# KNN Implementation without Build-Up library

**KNN is a supervised learning algorithm that estimates how likely a data point(instance) belongs to one class or the other depending upon which class its ‘k’ nearest instances belong to.**

Steps to implement KNN:
1. Calculate the distance(Euclidean, Manhattan, etc) between a test data point and every training data point. This is to see who is closer and who is far by how much.

2. Sort the distances and pick K nearest distances(first K entries) from it. Those will be K closest neighbors to your given test data point.

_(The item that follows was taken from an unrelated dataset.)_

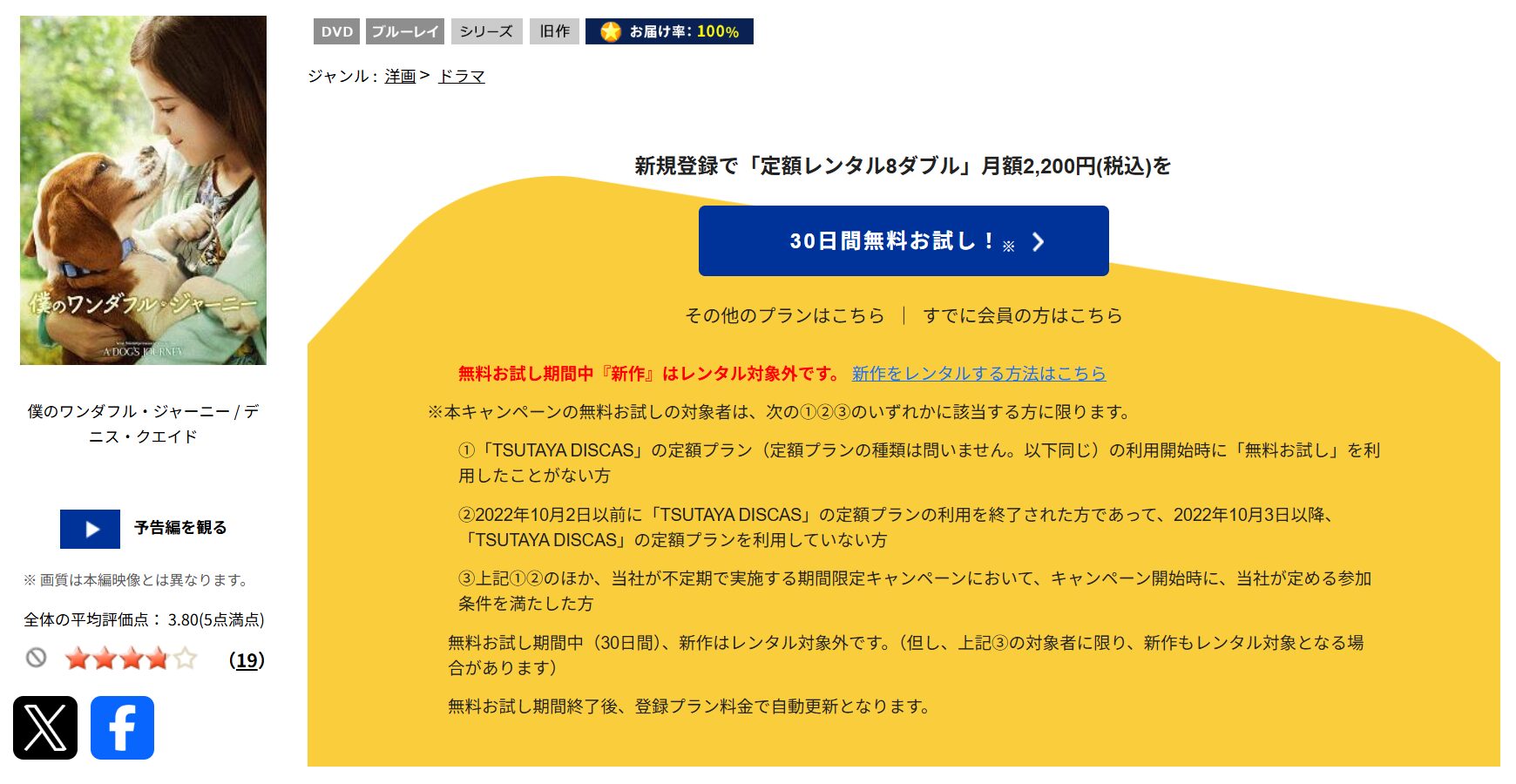 TSUTAYA DISCASの僕のワンダフル・ジャーニー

3. Get the labels of the selected K neighbors. The most common label(label with a majority vote) will be the predicted label for our test data point.

**Importing libraries**

In [2]:
import numpy as np
import scipy.spatial
from collections import Counter

**loading the Iris-Flower dataset from Sklearn**

In [3]:
from sklearn import datasets
from sklearn.model_selection import train_test_split
iris = datasets.load_iris()
X_train, X_test, y_train, y_test = train_test_split(iris.data, iris.target, random_state = 42, test_size = 0.2)

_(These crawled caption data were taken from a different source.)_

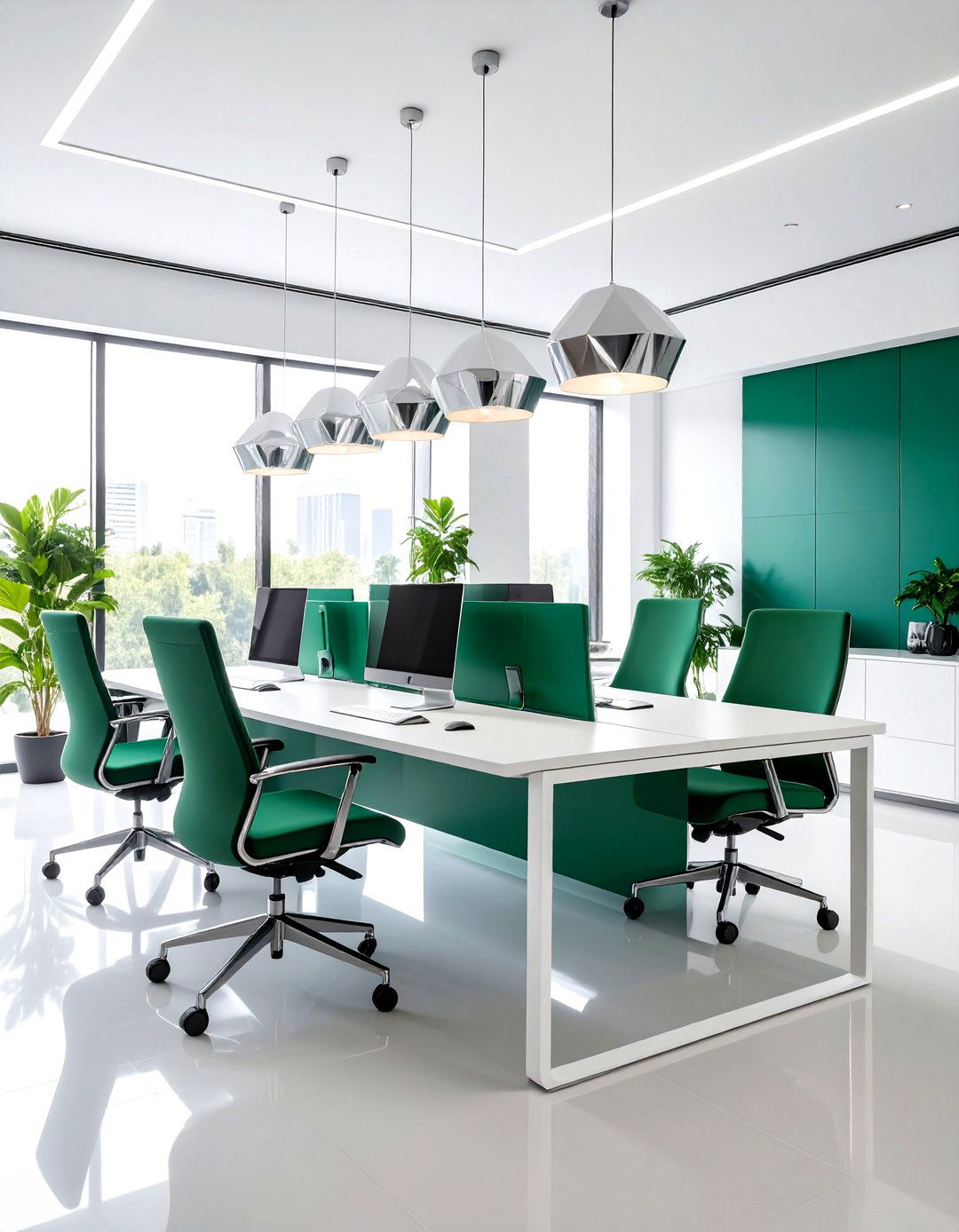 Emerald Green Modern Office - 24 Dark Green Office Ideas and Inspiration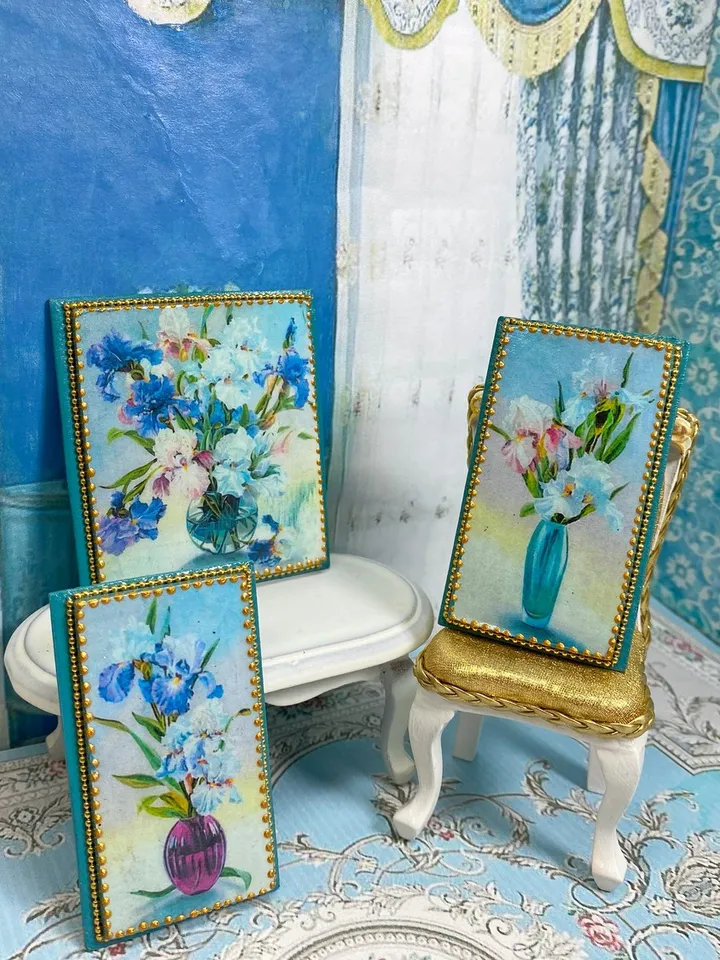 Miniature triptych for a dollhouse. Painting for dolls. 1:12. Dollhouse miniature. Handmade.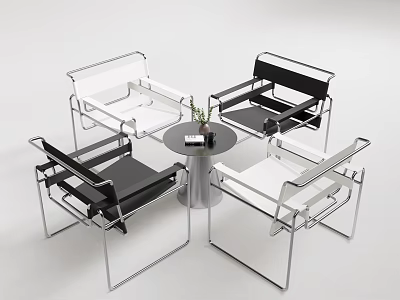 Modern Leisure Chairs With Black White Seats And Metal Frames Around Small Table 3d model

# **Background knowledge about class in Python.**

If you havent use class, there are some information to help you understand. If you are very familiar with the class in Python, you can skip this session.

1. **init()**: All classes have a function called __init__(), which is always executed when the class is being initiated.

    Use the __init__() function to assign values to object properties, or other operations that are necessary to do when the object is being created.
    

2. **Self Parameter**: The self parameter is a reference to the current instance of the class, and is used to access variables that belongs to the class.


In [14]:
class KNN:
    # K in the number of the neighbours
    def __init__(self, k):
        self.k = k
    # Split to tain set and get input and output
    def fit(self, X, y):
        self.X_train = X
        self.y_train = y

Create a function Caculate the Euclidean distance

In [15]:
    def distance(self, X1, X2):
        distance = scipy.spatial.distance.euclidean(X1, X2)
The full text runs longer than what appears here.